The Fall
Finally, they also undertook a directional trade (purely speculative), betting on the Russian currency not getting devalued despite the trouble Russia was having in servicing its external debt. After four years of majestic performance, the chain reaction started by the Russian government finally defaulting on its external debt and the Russian currency getting devalued earned the fund its first loss. Shock waves of this event were felt in all markets and asset classes that the fund had invested in, and the finely tuned risk measures went haywire as all their trades seemed to be perfectly correlated. Losses started spiralling for the fund in each and every trade it held. The traders were increasingly dazed and stupefied by their strategies backfiring so badly. The high leverage to start with, combined with the diminishing equity of the fund on account of the losses, led to the leverage climbing, at its worst, to 100:1. The fund was close to bankruptcy in the span of five weeks. News of LTCM’s difficulties trickled out and traders, being a heartless tribe, started taking opposite positions in LTCM’s trades, hammering the fund further.
Thus, so suddenly, the time had come to save the fund from bankruptcy. Even though its equity was hammered, the assets measured upto $130 billion or so, and the size of the derivatives book was many times larger. It is incredible how, with so much pressure on him, Meriwether remained outwardly calm and set about the task of raising equity for the fund in earnest. The top investment banks’ exposures to the fund were enormous, although not on the same scale. Saving the fund in some way was imperative. However, Wall Street is a ruthlessly competitive place, and any proposal that involved many investment banks coming together to launch a joint rescue effort would be extremely difficult to devise. Goldman Sachs, in particular, played hardball and milked LTCM by invading their offices and downloading their trades in the name of auditing their books. LTCM, the highly secretive outfit, was out in the open now.

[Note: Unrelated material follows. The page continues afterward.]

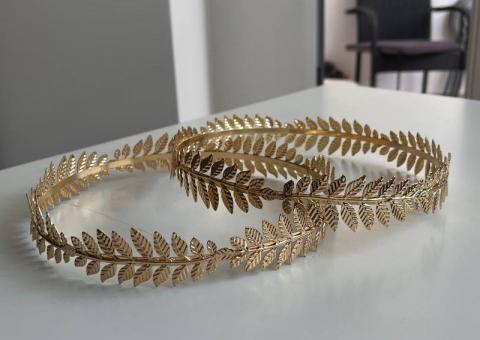 Metal laurel wreath 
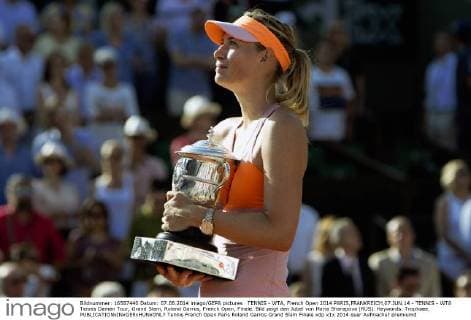 TENNIS - WTA, French Open 2014 PARIS,FRANKREICH,07.JUN.14 - TENNIS - WTA Tennis Damen Tour, Grand Slam, Roland Garros, French Open, Finale. Bild zeigt den Jubel von Maria Sharapova (RUS). Keywords: Trophaee.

In the climax, the US Federal Reserve had to reluctantly intervene and play a facilitating part in bringing the bankers together and asking them to thrash out a rescue plan. While Herb Allison of Merrill Lynch was the chief architect of the plan, his job was made vastly more difficult by the recalcitrant attitude of the 25 top investment bankers invited. The description of these last few days’ activities sets your pulse racing. A joint rescue plan did materialize, and the powers of LTCM’s freewheeling, arrogant traders were cut drastically. Infusion of new equity, however, did not stop the fund from making losses, even as the erstwhile partners were under pressure to pair the earlier trades, an extremely difficult job with 60,000 trades!
It was inevitable that the traders, bound hand and foot, and not used to such an experience, quickly upped and left. But what was a bit more surprising was Meriwether, Hilibrand and Rosenfeld actually started a new hedge fund! So much for this harrowing experience. As for the Nobel laureates, Scholes was employed as a risk consultant to a Wall Street firm and Merton went back to academics.
Conclusion
The book has two clear tracks, the one enjoyable and the other informative and instructive. One track is the pacy narrative, and the thrilling climax. The other track gives valuable insights into money management and trading, including operational details of repo financing, road shows, fund management vis-a-vis investors, aggregated risk measurement across all the fund’s trades, negotiations in a complex rescue plan, etc. Perhaps, the addition of a technical appendix outlining some basic strategies of the fund with complete hypothetical examples, from spotting an opportunity to devising the trade to financing it to executing it and monitoring risk, would make the book more complete and more valuable, especially to the student of finance.